== WHAT TO DO ==
Reproduce the entries below in full and without error.

== THE INPUT ==

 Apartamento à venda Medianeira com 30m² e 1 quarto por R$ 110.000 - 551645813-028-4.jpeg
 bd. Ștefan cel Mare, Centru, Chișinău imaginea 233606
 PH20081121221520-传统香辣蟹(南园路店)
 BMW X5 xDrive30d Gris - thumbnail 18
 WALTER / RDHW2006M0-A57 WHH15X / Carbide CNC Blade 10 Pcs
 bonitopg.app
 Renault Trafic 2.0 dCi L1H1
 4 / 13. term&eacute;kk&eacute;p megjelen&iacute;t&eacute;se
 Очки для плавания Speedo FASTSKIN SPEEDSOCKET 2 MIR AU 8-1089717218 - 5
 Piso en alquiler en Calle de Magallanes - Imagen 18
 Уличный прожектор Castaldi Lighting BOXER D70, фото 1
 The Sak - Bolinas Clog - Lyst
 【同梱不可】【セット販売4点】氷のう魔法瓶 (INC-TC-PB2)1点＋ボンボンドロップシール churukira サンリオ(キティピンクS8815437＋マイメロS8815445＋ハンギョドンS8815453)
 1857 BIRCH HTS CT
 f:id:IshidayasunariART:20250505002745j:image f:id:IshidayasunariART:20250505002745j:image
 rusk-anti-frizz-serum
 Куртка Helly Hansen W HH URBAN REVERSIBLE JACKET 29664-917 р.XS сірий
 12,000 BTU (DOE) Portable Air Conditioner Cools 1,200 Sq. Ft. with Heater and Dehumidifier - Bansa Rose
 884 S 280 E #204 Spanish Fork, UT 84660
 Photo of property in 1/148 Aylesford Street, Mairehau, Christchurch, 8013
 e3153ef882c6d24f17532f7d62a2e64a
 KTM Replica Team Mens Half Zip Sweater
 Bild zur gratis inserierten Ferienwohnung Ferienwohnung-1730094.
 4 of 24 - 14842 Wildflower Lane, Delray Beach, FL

== EXERCISE ANSWER ==
 Apartamento à venda Medianeira com 30m² e 1 quarto por R$ 110.000 - 551645813-028-4.jpeg
 bd. Ștefan cel Mare, Centru, Chișinău imaginea 233606
 PH20081121221520-传统香辣蟹(南园路店)
 BMW X5 xDrive30d Gris - thumbnail 18
 WALTER / RDHW2006M0-A57 WHH15X / Carbide CNC Blade 10 Pcs
 bonitopg.app
 Renault Trafic 2.0 dCi L1H1
 4 / 13. term&eacute;kk&eacute;p megjelen&iacute;t&eacute;se
 Очки для плавания Speedo FASTSKIN SPEEDSOCKET 2 MIR AU 8-1089717218 - 5
 Piso en alquiler en Calle de Magallanes - Imagen 18
 Уличный прожектор Castaldi Lighting BOXER D70, фото 1
 The Sak - Bolinas Clog - Lyst
 【同梱不可】【セット販売4点】氷のう魔法瓶 (INC-TC-PB2)1点＋ボンボンドロップシール churukira サンリオ(キティピンクS8815437＋マイメロS8815445＋ハンギョドンS8815453)
 1857 BIRCH HTS CT
 f:id:IshidayasunariART:20250505002745j:image f:id:IshidayasunariART:20250505002745j:image
 rusk-anti-frizz-serum
 Куртка Helly Hansen W HH URBAN REVERSIBLE JACKET 29664-917 р.XS сірий
 12,000 BTU (DOE) Portable Air Conditioner Cools 1,200 Sq. Ft. with Heater and Dehumidifier - Bansa Rose
 884 S 280 E #204 Spanish Fork, UT 84660
 Photo of property in 1/148 Aylesford Street, Mairehau, Christchurch, 8013
 e3153ef882c6d24f17532f7d62a2e64a
 KTM Replica Team Mens Half Zip Sweater
 Bild zur gratis inserierten Ferienwohnung Ferienwohnung-1730094.
 4 of 24 - 14842 Wildflower Lane, Delray Beach, FL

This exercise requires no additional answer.